A expectativa de conhecer o estilo e a voz dos cantores angolanos Dodô Miranda e Wyza, era clara nos olhares que denunciavam a curiosidade, bem como era perceptível a ansiedade em deleitar-se ao som da doce voz de Jussara Silveira e da sofisticação em formato MPB, característica do músico Roberto Mendes, ambos baianos.
Antes do encontro entre convidados e plateia, a Sinfônica Popular, regida pelo maestro Bira Marques, sacudiu as emoções com a execução das peças Antakarana e Hereros, mostras das pulsações latentes que estavam prestes a explodir em estrondos ritmados, crescentes, que invadiam os sentidos e conduziam os ouvintes para além do Oceano Atlântico. Música, dança e efeitos visuais amparados pela tecnologia contribuíam para libertar a imaginação.

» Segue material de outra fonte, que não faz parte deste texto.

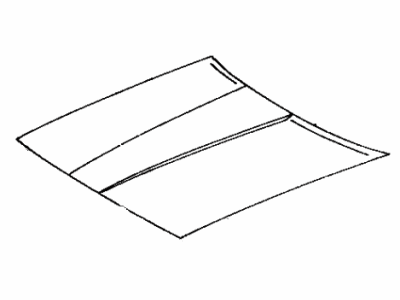 Toyota Camry Hood - 53301-03010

Com passos despretensiosos, tranquilos, Dodô Miranda surgiu no palco. Foi cantando que mostrou porque estava ali. Dono de uma extensão vocal cultivada na larga experiência com a atuação em canto coral gospel, o cantor passeou por notas graves e agudas, explorando com ousadia e muito soul as possibilidades que as notas executadas pela orquestra permitiam.

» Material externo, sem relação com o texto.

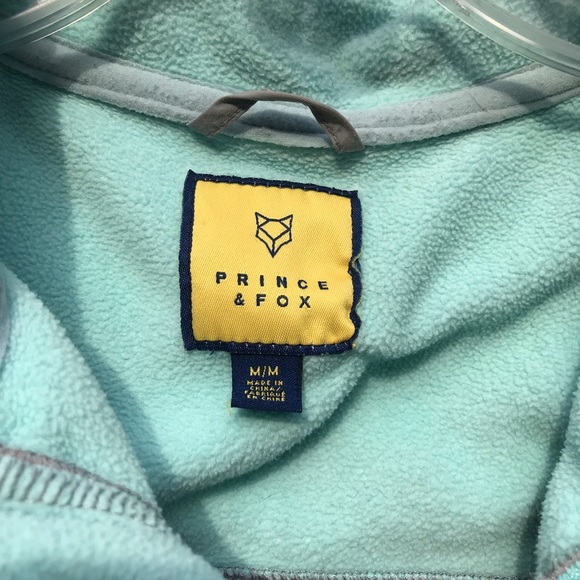 Prince & Fox Aeropostale Fleece Zip Up Grey Jacket - Picture 7 of 8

Wyza apresentou um estilo musical que, para os baianos, pode ser considerado mais exótico. Mas a novidade agradou, conquistou, cativou. Forjada na ancestralidade, confunde-se em alguns momentos com a música árabe, mas é som angolano: o kilapanga.
A musicalidade já conhecida de Jussara e Roberto Mendes encerrou o ciclo musical com chave de ouro, aparando arestas, preenchendo lacunas. No final, de presente, a música Humbi Humbi foi entoada pelos quatro convidados e a orquestra. Bahia e África numa mistura homogênea!